Пришлось сесть к столику. Я настолько смутился, что забыл размешать сахар. Он так и остался на дне чашки.
Ленин с аппетитом ел бутерброды, пил кофе и в то же время разговаривал. Он ругал меньшевиков:
— Это настоящая ликвидаторская сволочь! Клянутся Марксом, а на деле бессовестно ему изменяют.
— Ну, какой же ты, Володя, право! Дай людям выпить кофе! Ругать всегда успеешь!.. — говорила Надежда Константиновна.
— Каутского я сейчас ненавижу больше всех. Нет ничего более вредного для пролетариата чем самодовольство и двуличие Каутского!
Ленин все больше возбуждался.
— Центризм Троцкого, — говорил он, — явление не случайное.
Надежда Константиновна убрала со стола.
— Как хорошо было бы, — сказал Августул, — если бы в России сейчас собралась конференция, так человек пятьдесят — шестьдесят, и от имени партии выступила против войны.
— Что вы говорите! Пятьдесят—шестьдесят человек?! — вскричал Ленин. — Достаточно четырех–пяти человек, —один из Грузии, один или двое из Сибири и с Урала, один из Москвы и один из Петербурга. Если изо всех центров соберется пять человек, объявят себя партийной конференцией и выпустят воззвание против войны, это будет замечательное дело. Это был бы исторический акт, это очень помогло бы развитию революционного движения в России…
Не помню, сколько времени мы просидели у Ленина. Нам не хотелось расставаться с этим уютным уголком, не хотелось расставаться с Ильичем. Даже вещи, находившиеся в комнате, — стол, стулья, кресло, книги, — стали нам близкими, родными.
За все время долгого пребывания в эмиграции, вдали от родины, не припоминается ни одного случая, чтобы кто‑нибудь принял нас так душевно, с таким радушием.
Ленин беседовал с нами, объяснял «проклятые вопросы» так, как старший товарищ младшему.
Наконец, сообразив, что отнимаем у Ильича дорогое время, мы стали прощаться. Ленин долго пожимал нам руки, упрашивал остаться. Просил передать привет женевским товарищам.
— Никогда не забуду этот день! — произнес Августул, когда мы вышли на улицу.
— Что за человек, а? Какая энергия!.. Какой энтузиаст! — восторгался я. — Ты предлагаешь конференцию из пятидесяти человек, а он говорит, что достаточно пятерых.
— В том‑то и дело! Великий человек может начать великое дело даже с пятью товарищами, — ответил Августул.
Мы шли к вокзалу молча, погруженные в свои думы.
Когда сели в вагон, я сказал Августулу, что Ленин во время разговора обращал больше внимания на меня, чем на него.
— Ничего подобного!
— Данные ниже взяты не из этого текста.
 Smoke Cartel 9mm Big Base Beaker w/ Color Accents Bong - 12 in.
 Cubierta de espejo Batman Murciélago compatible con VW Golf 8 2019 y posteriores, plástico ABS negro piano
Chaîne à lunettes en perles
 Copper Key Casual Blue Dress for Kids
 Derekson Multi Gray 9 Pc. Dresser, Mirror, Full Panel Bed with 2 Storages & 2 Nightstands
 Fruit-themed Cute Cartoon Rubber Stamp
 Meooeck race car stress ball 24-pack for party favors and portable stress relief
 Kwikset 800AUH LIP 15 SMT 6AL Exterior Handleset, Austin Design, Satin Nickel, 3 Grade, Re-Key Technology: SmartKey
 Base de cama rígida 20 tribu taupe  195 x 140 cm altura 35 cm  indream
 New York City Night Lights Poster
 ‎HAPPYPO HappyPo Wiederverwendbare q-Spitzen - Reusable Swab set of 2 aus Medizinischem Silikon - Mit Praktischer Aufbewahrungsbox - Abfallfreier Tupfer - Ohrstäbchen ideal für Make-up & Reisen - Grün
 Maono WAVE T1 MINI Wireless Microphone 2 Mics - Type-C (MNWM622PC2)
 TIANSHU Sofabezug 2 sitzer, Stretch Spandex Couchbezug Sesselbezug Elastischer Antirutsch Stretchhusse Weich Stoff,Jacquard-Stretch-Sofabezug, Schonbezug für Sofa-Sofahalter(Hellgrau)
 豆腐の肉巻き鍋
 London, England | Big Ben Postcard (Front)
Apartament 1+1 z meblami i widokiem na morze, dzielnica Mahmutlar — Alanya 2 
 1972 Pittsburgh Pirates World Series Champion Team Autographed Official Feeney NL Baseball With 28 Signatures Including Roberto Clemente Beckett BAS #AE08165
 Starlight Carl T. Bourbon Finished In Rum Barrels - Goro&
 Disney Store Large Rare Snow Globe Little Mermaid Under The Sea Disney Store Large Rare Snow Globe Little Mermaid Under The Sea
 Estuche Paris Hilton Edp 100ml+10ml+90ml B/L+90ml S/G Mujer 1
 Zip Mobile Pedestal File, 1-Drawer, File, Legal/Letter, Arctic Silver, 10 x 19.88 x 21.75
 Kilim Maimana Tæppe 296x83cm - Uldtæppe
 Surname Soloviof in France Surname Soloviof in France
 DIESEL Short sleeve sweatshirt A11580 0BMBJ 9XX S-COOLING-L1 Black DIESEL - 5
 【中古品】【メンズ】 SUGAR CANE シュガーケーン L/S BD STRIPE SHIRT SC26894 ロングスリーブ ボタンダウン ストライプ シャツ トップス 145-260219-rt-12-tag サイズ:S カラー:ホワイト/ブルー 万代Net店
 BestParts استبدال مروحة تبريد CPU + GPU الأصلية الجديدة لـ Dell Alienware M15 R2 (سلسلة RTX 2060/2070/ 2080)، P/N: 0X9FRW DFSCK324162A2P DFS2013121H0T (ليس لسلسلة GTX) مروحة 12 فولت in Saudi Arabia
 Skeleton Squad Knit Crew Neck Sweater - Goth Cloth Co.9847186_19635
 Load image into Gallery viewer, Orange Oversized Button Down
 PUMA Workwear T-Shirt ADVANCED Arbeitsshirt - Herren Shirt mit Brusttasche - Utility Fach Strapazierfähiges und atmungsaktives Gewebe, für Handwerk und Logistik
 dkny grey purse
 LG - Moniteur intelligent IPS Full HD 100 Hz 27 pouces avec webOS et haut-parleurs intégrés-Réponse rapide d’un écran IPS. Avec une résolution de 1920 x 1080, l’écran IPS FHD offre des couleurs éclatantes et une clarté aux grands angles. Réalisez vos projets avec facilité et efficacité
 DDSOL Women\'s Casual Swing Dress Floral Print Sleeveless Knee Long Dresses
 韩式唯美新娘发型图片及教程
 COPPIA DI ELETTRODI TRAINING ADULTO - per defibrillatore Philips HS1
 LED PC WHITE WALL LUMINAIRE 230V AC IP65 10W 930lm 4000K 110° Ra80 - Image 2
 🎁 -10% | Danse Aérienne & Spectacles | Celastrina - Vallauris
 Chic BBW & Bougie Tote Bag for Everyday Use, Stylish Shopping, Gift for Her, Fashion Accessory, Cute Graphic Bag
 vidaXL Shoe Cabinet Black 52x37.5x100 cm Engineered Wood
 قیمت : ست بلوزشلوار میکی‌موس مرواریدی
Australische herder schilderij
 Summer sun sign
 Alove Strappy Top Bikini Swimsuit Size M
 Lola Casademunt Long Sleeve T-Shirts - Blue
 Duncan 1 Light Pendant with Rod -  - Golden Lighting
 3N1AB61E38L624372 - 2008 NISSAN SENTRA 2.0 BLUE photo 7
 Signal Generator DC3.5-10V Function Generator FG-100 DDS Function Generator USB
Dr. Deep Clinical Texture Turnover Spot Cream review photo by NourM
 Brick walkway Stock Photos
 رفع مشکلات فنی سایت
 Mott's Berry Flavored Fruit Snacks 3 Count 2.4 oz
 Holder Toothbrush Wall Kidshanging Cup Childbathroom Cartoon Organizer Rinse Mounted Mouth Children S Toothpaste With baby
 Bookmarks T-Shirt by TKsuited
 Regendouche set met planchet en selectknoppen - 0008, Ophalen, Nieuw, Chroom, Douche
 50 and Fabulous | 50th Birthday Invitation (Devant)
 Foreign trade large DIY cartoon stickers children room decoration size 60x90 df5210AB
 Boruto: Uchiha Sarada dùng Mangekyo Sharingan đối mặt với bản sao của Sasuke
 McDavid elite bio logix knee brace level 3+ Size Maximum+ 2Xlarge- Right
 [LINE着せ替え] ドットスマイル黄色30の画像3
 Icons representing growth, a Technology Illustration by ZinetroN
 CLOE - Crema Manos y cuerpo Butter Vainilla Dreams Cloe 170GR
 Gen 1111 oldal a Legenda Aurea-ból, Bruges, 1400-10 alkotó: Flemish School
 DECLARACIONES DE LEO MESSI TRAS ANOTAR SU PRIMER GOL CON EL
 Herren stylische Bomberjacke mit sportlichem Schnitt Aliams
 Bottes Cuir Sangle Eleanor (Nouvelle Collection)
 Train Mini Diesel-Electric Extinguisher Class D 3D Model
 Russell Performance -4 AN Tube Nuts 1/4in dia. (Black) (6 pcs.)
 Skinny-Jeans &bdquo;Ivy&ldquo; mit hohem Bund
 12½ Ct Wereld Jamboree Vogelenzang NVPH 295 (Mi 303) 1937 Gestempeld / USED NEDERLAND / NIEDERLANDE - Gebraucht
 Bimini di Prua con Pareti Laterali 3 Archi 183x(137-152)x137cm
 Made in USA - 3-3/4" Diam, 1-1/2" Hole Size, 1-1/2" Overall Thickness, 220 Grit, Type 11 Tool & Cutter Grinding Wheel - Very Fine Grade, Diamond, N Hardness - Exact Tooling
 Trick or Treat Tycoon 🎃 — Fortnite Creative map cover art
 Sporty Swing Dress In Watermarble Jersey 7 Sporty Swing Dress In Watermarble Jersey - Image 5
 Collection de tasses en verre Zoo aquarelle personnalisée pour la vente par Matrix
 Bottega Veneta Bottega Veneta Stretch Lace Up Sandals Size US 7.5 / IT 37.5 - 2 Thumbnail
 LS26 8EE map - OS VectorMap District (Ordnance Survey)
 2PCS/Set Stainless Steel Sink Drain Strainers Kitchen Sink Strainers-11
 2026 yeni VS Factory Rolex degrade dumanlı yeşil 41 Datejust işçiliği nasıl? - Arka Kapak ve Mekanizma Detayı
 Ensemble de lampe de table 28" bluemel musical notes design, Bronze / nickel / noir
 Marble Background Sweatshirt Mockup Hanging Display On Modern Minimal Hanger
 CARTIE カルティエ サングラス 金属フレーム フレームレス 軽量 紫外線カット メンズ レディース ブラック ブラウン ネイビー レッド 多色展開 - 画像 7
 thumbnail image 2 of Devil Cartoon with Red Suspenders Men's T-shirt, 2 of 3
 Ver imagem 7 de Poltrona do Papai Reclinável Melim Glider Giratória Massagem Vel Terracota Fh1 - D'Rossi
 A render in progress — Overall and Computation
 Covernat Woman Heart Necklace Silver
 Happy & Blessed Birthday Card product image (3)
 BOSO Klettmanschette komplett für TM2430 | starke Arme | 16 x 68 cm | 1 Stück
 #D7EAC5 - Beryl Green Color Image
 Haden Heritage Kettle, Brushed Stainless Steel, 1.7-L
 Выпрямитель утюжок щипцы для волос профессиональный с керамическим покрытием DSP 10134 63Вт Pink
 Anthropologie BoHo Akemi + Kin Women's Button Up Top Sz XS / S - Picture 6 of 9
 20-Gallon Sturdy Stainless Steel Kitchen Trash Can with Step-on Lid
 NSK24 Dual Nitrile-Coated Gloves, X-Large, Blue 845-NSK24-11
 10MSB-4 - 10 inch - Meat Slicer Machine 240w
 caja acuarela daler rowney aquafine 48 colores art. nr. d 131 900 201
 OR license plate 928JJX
Это тебе так показалось, — начал спорить Августул. И мы чуть было не поссорились.
Вернувшись в Женеву, мы рассказали товарищам о нашем посещении Ленина.
Война продолжалась. Ей не было видно конца. Многие изменили революционным лозунгам и стали сторонниками империалистической войны.
Ленин возмущался:
— Все сподличали!
Только партия большевиков открыто выступала против войны: «Долой империалистическую войну! Да здравствует гражданская война!»